建立了基于残余热应力的涂层与基体材料的物理相容性分析模型,深入分析了基体材料的物理性能参数和沉积温度对涂层刀具残余热应力的影响及其分布规律。结果表明:涂层与基体之间热膨胀系数的差异是影响涂层残余热应力大小的主要因素。通过物理化学相容性分析,确定了与MoS_2“软”涂层材料相匹配的两种最佳基体材料,分别为YT15硬质合金和M2高速钢。分析了过渡层对涂层残余热应力的影响。结果表明:在YT15基体与MoS_2涂层之间添加过渡层后,涂层的残余热应力值均较纯MoS_2涂层的残余热应力值显著降低,其中尤以添加Zr过渡层时涂层的残余热应力值最小;而在M2基体与MoS_2涂层之间添加Ti、Cr或Zr过渡层后,涂层的残余热应力值反而较纯MoS_2涂层的残余热应力值有所增大。因此,应根据不同涂层与基体材料的组合,选择合适的过渡层材料,以达到降低涂层刀具残余热应力的目的。

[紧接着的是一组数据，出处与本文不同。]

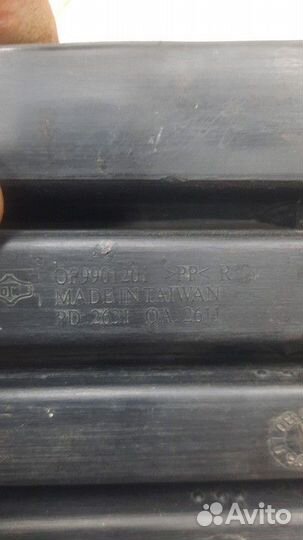 Заглушка бампера птф передняя правая Opel Astra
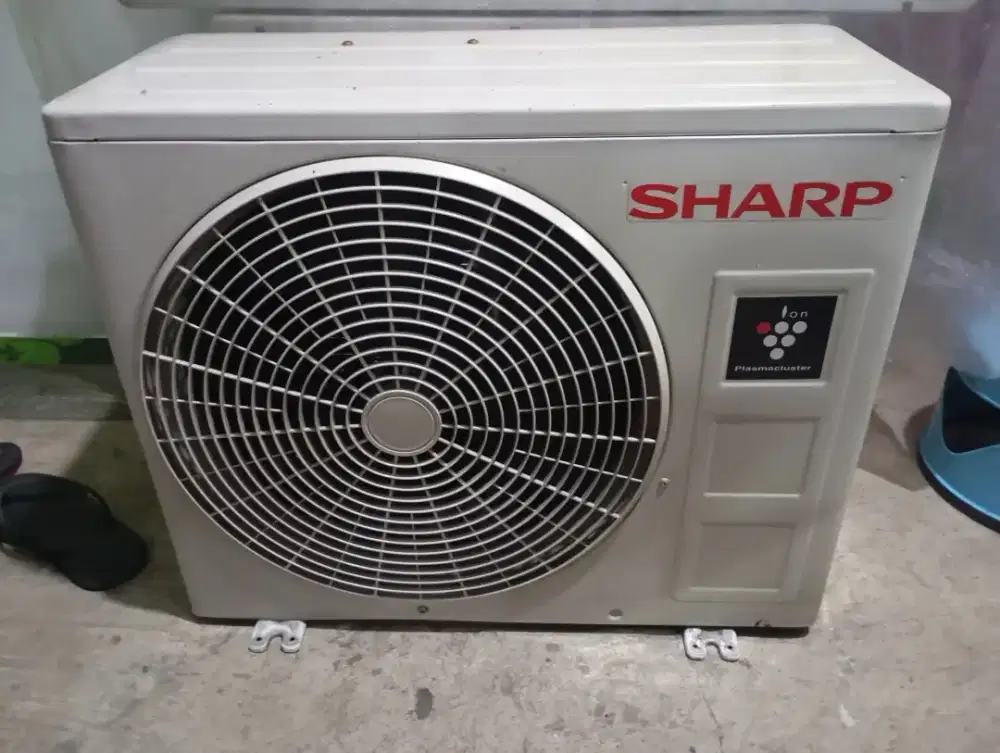 Outdoor Sharp 1/2 pk R32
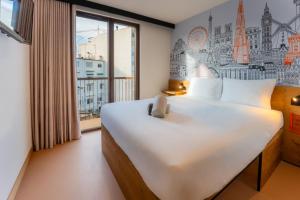 Postel nebo postele na pokoji v ubytování easyHotel Valencia Ciutat Vella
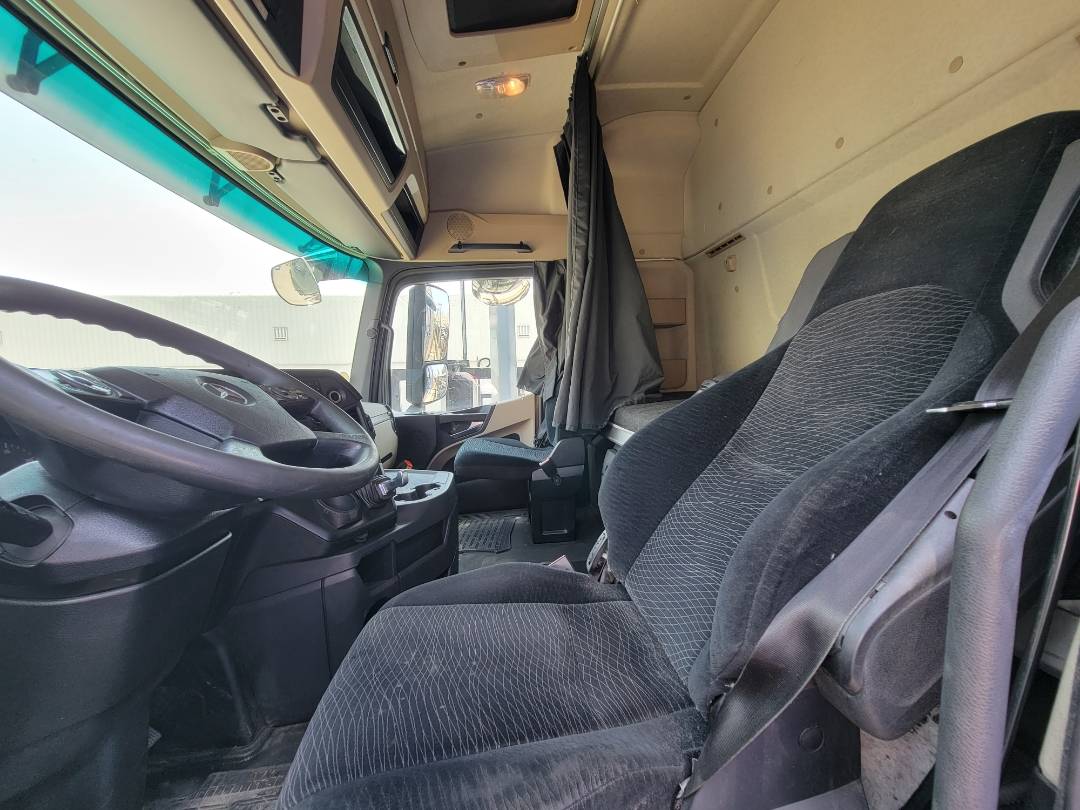 2018 MERCEDES BENZ ACTROS 1845 — 997220 KM — Lot 992885 - Marhaba Auctions Used Cars - Image 11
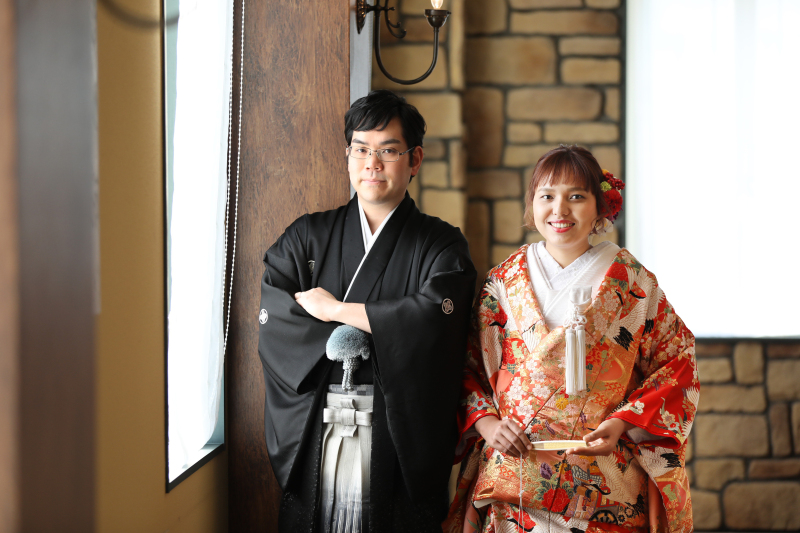 オシャレな壁をバックに撮影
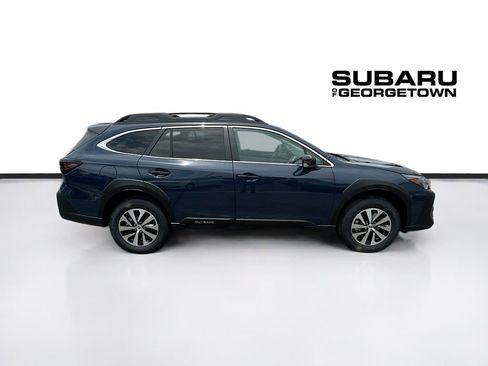 Used 2025 Subaru Outback Premium image 9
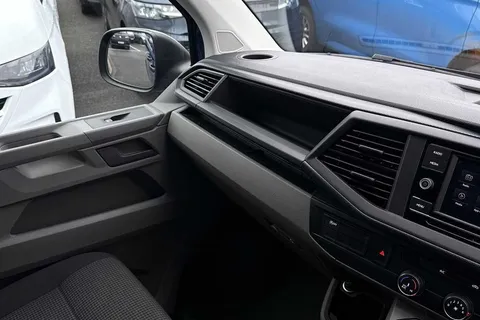 BD74VKS Volkswagen Transporter 2.0 TDI 150 Startline Van Thumbnail #14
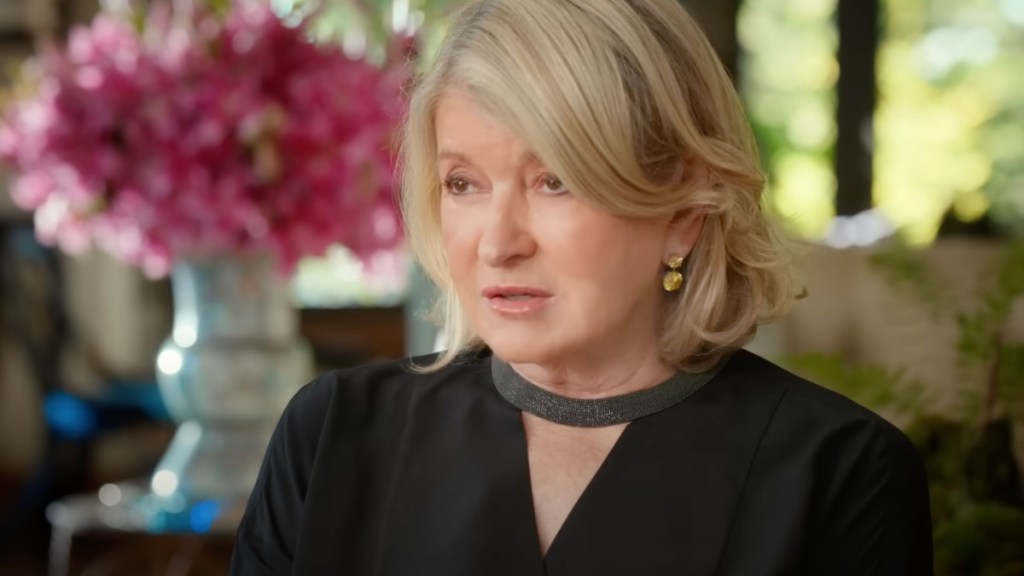 What Did Martha Stewart Say About Meghan Markle & Gwyneth Paltrow?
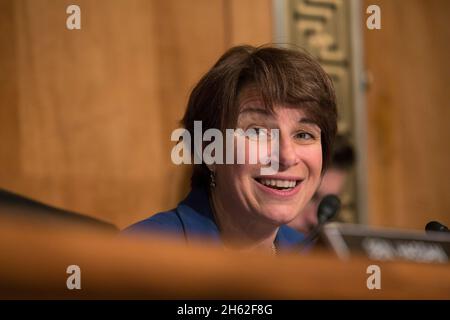 Il Sen. Amy Klobuchar parla come Assistente esecutivo per il supporto operativo degli Stati Uniti per le dogane e la protezione dei confini Robert Perez testimonia dinanzi alla Commissione degli Affari governativi del Senato durante un'audizione della sottocommissione sulla strategia degli Stati Uniti per combattere le droghe illecite nella sottocommissione permanente sulle indagini titledÔ 'migliorare la spedizione di oppioidi sintetici: Supervisione della strategia statunitense per combattere le droghe illecite a Washington, D.C., 25 maggio 2017 Foto Stock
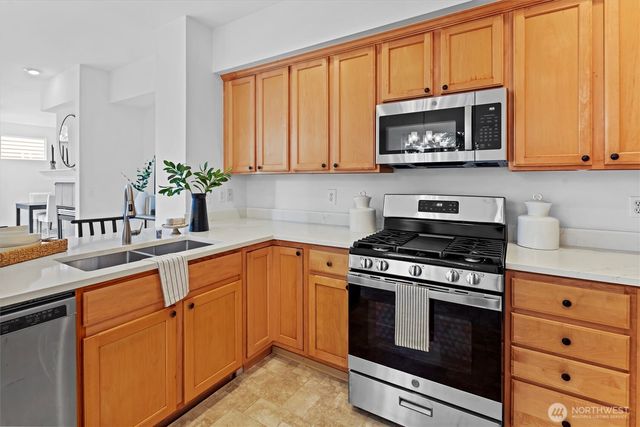 18009 15th Avenue W, Lynnwood, WA 98037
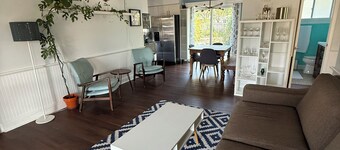 Charming 2-bedroom house in peaceful St. Petersburg with AC, Bonus Room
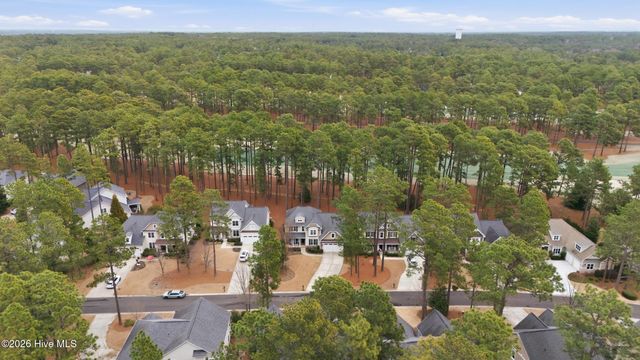 21 Deacon Palmer Drive, Southern Pines, NC 28387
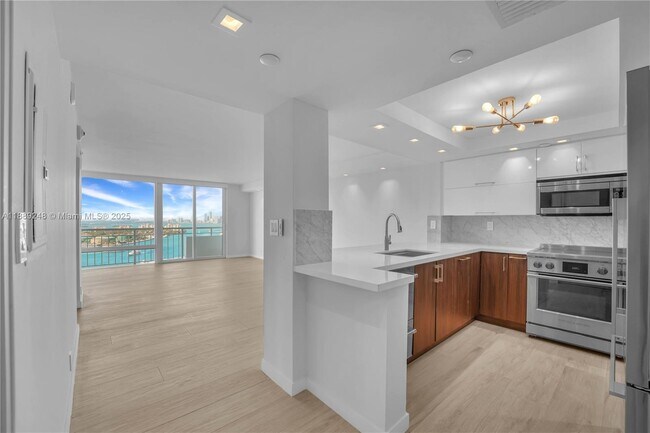 Building Photo - 400 South Pointe Dr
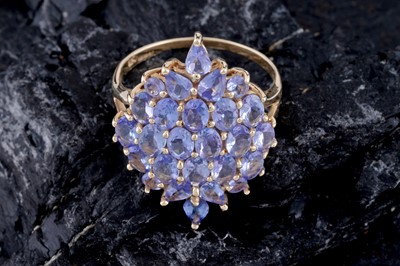 Lot 269 - A contemporary topaz cluster dress ring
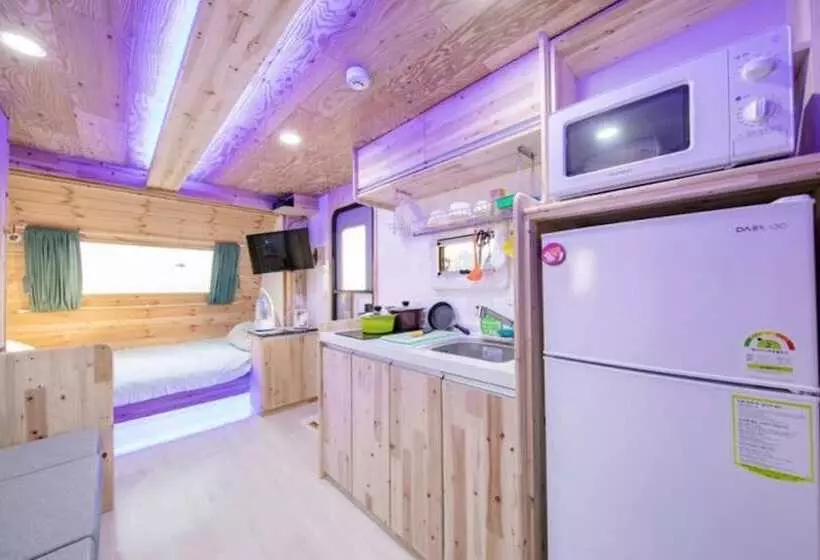 Hotelli Gangneung Basecamp Pension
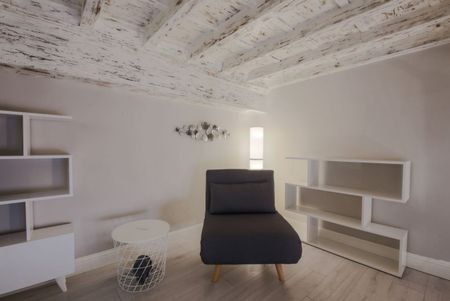 Vigna White - Photo 2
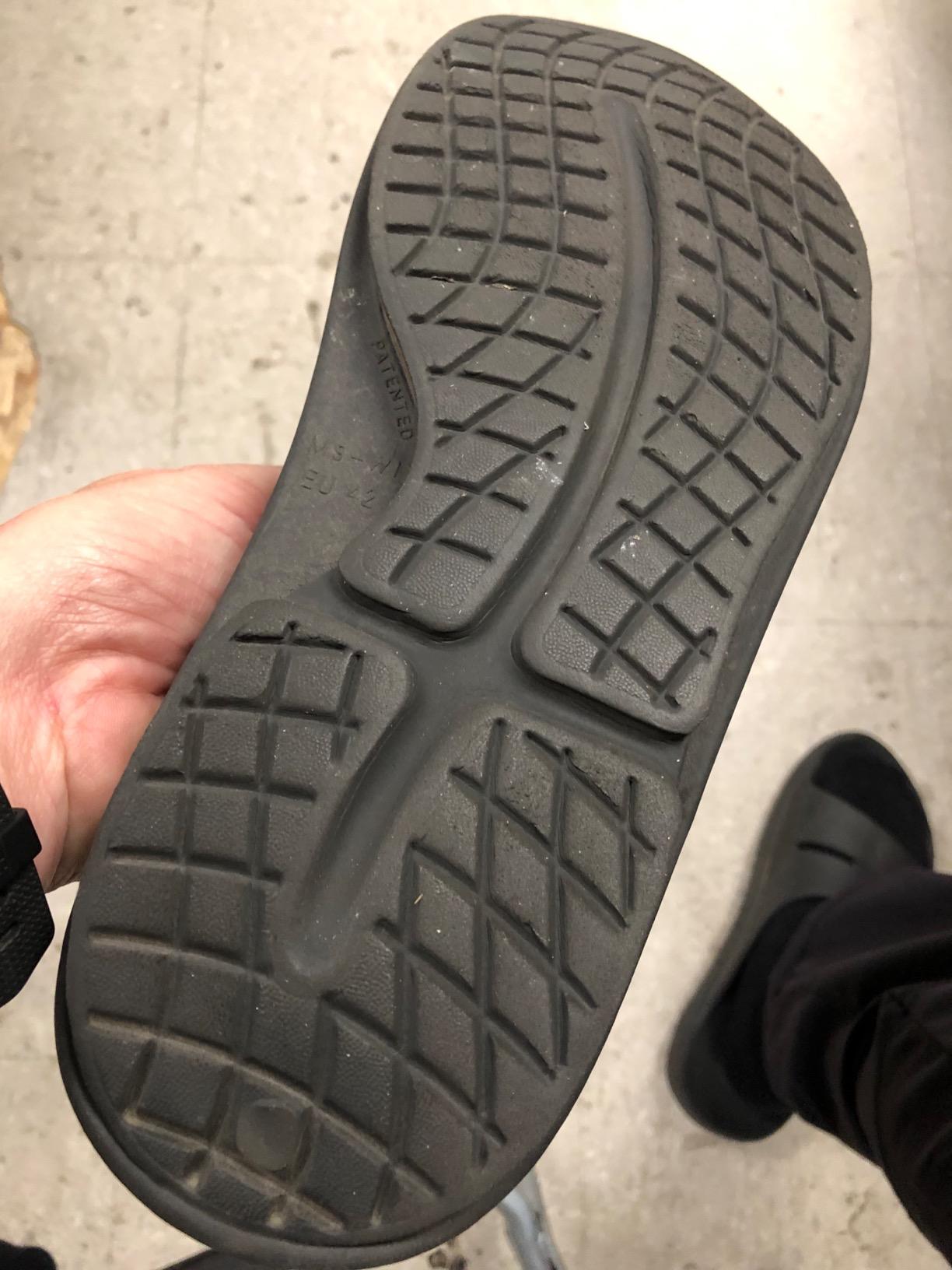 OOFOS OOahh Recovery Slide - Women's and Men's customer photo 1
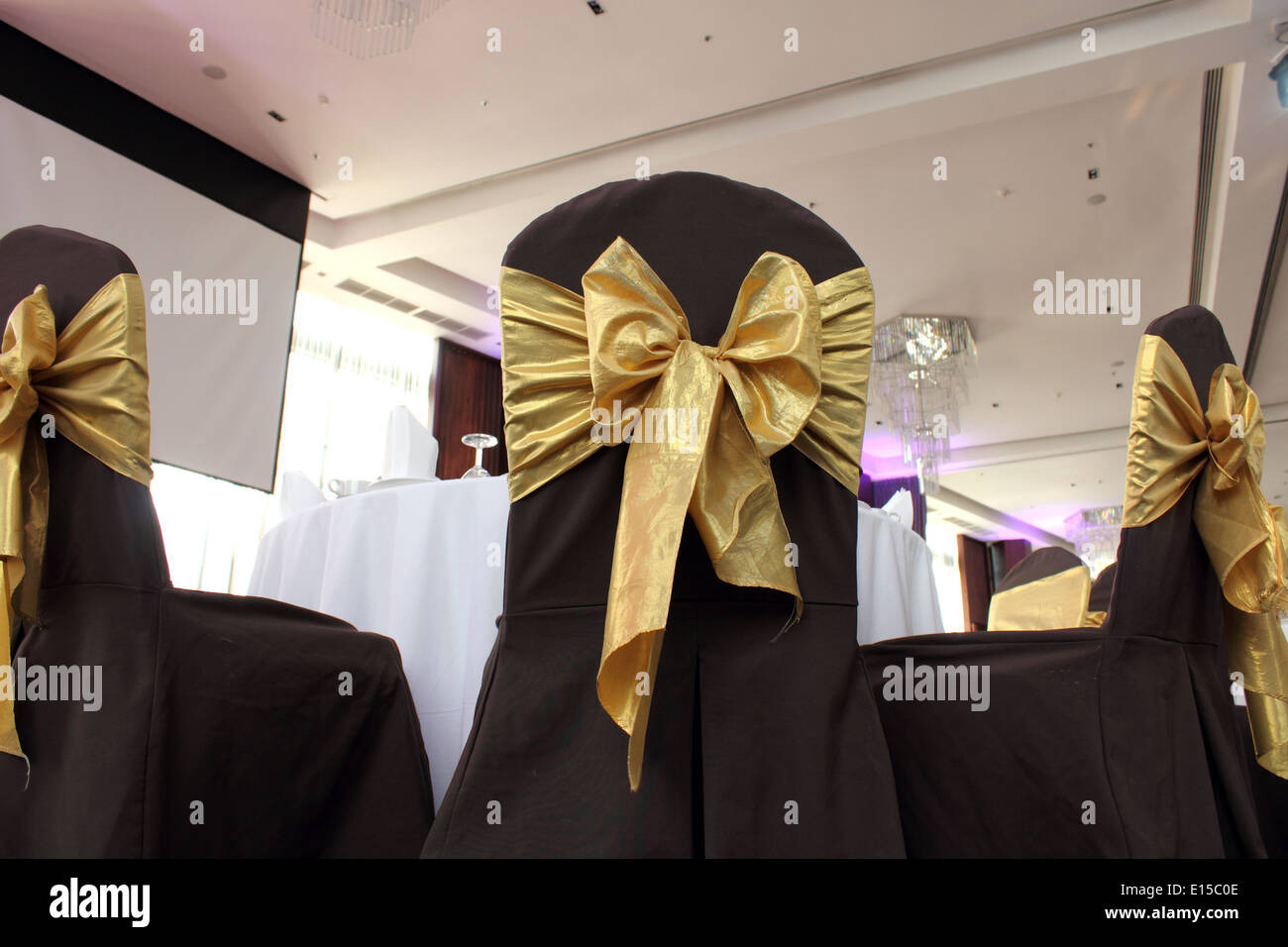 Le retour de jaune et d'or mariage de chaises. Banque D'Images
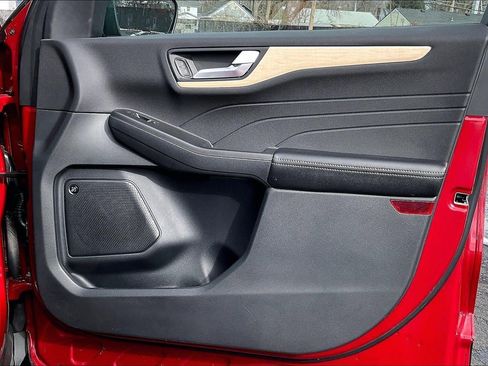 Used 2021 Ford Escape Titanium w/ Titanium Elite Package image 27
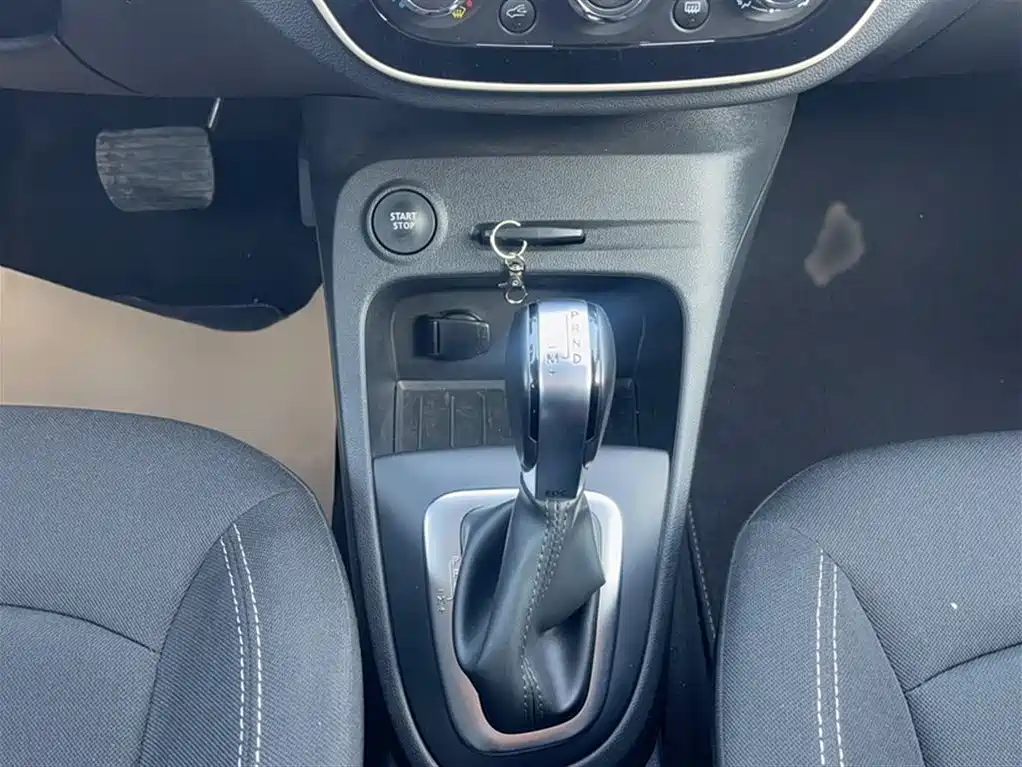 Renault Captur 2019 2018 TCe190 Urban Style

采用中频磁控溅射与多弧离子镀相结合的工艺成功制备了MZ-1(MoS_2/Zr+YT15硬质合金)和MZ-2(MoS_2/Zr+M2高速钢)两种“软”涂层刀具。考察了前处理工艺对涂层性能的影响。结果表明:采用研磨抛光+超声波清洗的前处理工艺能够改善涂层与基体之间的界面结合状态。研究了制备工艺参数对涂层性能的影响,得出了基体负偏压、靶电流、沉积温度和沉积时间对涂层的硬度、厚度、界面结合力及表面粗糙度等的影响规律,确定了两种涂层刀具的最佳制备工艺参数,即对于MZ-1涂层刀具:基体负偏压-200 V,MoS_2靶电压700 V,Zr靶电流60 A,工作气压0.45 Pa,沉积温度200℃,沉积时间120 min;对于MZ-2涂层刀具:沉积温度150℃,其他参数与MZ-1相同。
系统地研究了MoS_2/Zr“软”涂层刀具的物理机械性能和界面结合机制。结果表明:MZ-1刀具的涂层厚度2.4μm,硬度10.0 GPa,涂层与基体的界面结合力60 N;MZ-2刀具的涂层厚度2.6μm,硬度9.4 GPa,涂层与基体的界面结合力63 N;两种涂层的硬度和与基体之间的结合力均较纯MoS_2涂层的硬度和结合力有显著提高。通过对MoS_2/Zr“软”涂层刀具的表面形貌、微观结构和界面结合机制的分析可知,用中频磁控溅射与多弧离子镀相结合的工艺制备的MoS_2/Zr“软”涂层表面较为平整,涂层呈现非晶态结构,涂层中各元素分布均匀,涂层与基体材料存在由相互扩散形成的“伪”扩散层,使得涂层与基体的界面结合较为紧密。
系统地研究了MoS_2/Zr“软”涂层刀具材料的摩擦磨损特性,探讨了载荷、摩擦距离等对其摩擦磨损性能的影响。结果表明:当分别与45#钢和Al_2O_3球对摩时,MZ-1和MZ-2涂层的摩擦系数随摩擦距离的增大而增大,随载荷的增大而减小;磨损率随载荷的增大而增大。与纯MoS_2涂层相比,MZ-1和MZ-2涂层的摩擦系数和磨损量均显著降低。对摩擦球表面磨损形貌和成分的分析表明,MoS_2/Zr“软”涂层材料与对摩材料表面之间所形成的转移润滑膜是影响材料摩擦磨损性能的关键因素之一。由于摩擦副间转移膜的存在,涂层和对摩材料的摩擦转变为涂层和转移膜之间的“内”摩擦,从而降低了摩擦过程的摩擦系数,提高了材料的耐磨性能。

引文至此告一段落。